Michelle Lensink

STATE MAJOR BANK LEVY

A question to the Minister for Employment - State Bank tax

The Hon. J.M.A. LENSINK: I seek leave to make a brief explanation before asking the Minister for Employment a question about the state bank tax.

Leave granted.

The Hon. J.M.A. LENSINK: Yesterday, I asked the minister a question and a few supplementaries about the state bank tax and whether it would hurt jobs growth, business investment and South Australia's reputation. The minister clearly is at odds with hundreds of industry groups, small and large, and medium size businesses and employees who believe that this tax will be a disaster for South Australia. My question for the minister is: would he like to elaborate on his reasons about why he is correct about those matters and all of those employees and organisations are wrong?

The Hon. K.J. MAHER (Minister for Employment, Minister for Aboriginal Affairs and Reconciliation, Minister for Manufacturing and Innovation, Minister for Automotive Transformation, Minister for Science and Information Economy): I thank the honourable member for her question very, very much. This is something that we hope they keep raising and keep talking about in the months leading up to March next year. We welcome it very much and I personally welcome this questioning in question time this week.

The facts of the matter are, as we went through yesterday, the big banks made more than $30 billion in profits last year. The federal government estimates that they are undertaxed to the tune of $4 billion. So, it is quite clearly established that this is a levy that they can afford to pay and the money that is being raised by this levy is being put into things that will create jobs in South Australia, like the $200 million Future Jobs Fund. It is that simple.

The Hon. J.M.A. LENSINK: Supplementary question: can the minister explain then how South Australia's business reputation and confidence is being enhanced by the tax?

The Hon. K.J. MAHER (Minister for Employment, Minister for Aboriginal Affairs and Reconciliation, Minister for Manufacturing and Innovation, Minister for Automotive Transformation, Minister for Science and Information Economy): By creating more jobs in this state.

The Hon. J.M.A. LENSINK: Supplementary: can the minister explain how taxing on the one hand leads to jobs growth and, potentially, what universities teach that sort of logic, apart from the London School of Economics?
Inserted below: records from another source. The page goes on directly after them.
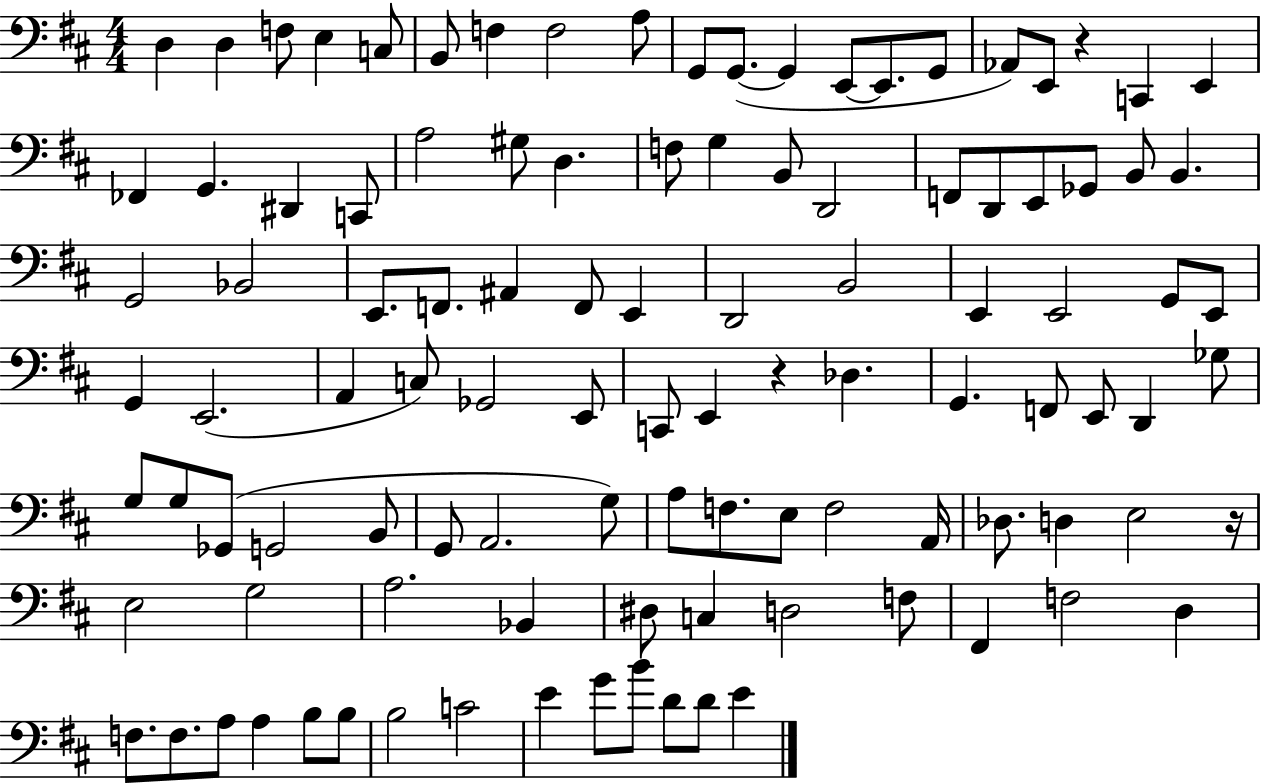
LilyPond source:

{
  \clef bass
  \numericTimeSignature
  \time 4/4
  \key d \major
  \repeat volta 2 { d4 d4 f8 e4 c8 | b,8 f4 f2 a8 | g,8 g,8.~(~ g,4 e,8~~ e,8. g,8 | aes,8) e,8 r4 c,4 e,4 | \break fes,4 g,4. dis,4 c,8 | a2 gis8 d4. | f8 g4 b,8 d,2 | f,8 d,8 e,8 ges,8 b,8 b,4. | \break g,2 bes,2 | e,8. f,8. ais,4 f,8 e,4 | d,2 b,2 | e,4 e,2 g,8 e,8 | \break g,4 e,2.( | a,4 c8) ges,2 e,8 | c,8 e,4 r4 des4. | g,4. f,8 e,8 d,4 ges8 | \break g8 g8 ges,8( g,2 b,8 | g,8 a,2. g8) | a8 f8. e8 f2 a,16 | des8. d4 e2 r16 | \break e2 g2 | a2. bes,4 | dis8 c4 d2 f8 | fis,4 f2 d4 | \break f8. f8. a8 a4 b8 b8 | b2 c'2 | e'4 g'8 b'8 d'8 d'8 e'4 | } \bar "|."
}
The Hon. K.J. MAHER (Minister for Employment, Minister for Aboriginal Affairs and Reconciliation, Minister for Manufacturing and Innovation, Minister for Automotive Transformation, Minister for Science and Information Economy): I am happy to explain it for the honourable member, and I don't think you need to do a couple of years of financial accounting at uni to understand this. What happens is there are revenue measures. You bring tax in through a range of measures and then you apply it to things like programs to create jobs, and you apply it to things like your schools and hospitals. What you do is you have revenue measures. Just so the honourable member clearly understands: you don't just have spending measures. You need the other side; you need revenue measures as well. You need revenue measures and spending measures. You have measures that create revenue like a levy on the banks, which are undertaxed (according to the federal Liberal government) to the tune of $4 billion, and you have revenue measures that bring in revenue and then you put it towards spending measures like job creation programs. It is pretty simple and that's how it works. I am happy to see if a briefing can be arranged for the honourable member on basic revenue and spending and just how that works.

The Hon. J.M.A. LENSINK: Further supplementary: can the minister then explain how, if its policies impact on businesses so that they have to expend more on taxes than they earn in their own revenues, they do not go out of business?

Members interjecting:

The PRESIDENT: Order!

Members interjecting:

The PRESIDENT: Let's have a little bit of order. Minister.

The Hon. K.J. MAHER (Minister for Employment, Minister for Aboriginal Affairs and Reconciliation, Minister for Manufacturing and Innovation, Minister for Automotive Transformation, Minister for Science and Information Economy): I have to say it again: the banks, on whose side those opposite seem to be siding, on whose side they seem to be clearly on, made $30 billion in profits last year—$30 billion in profits last year, so undertaxed to the tune of $4 billion.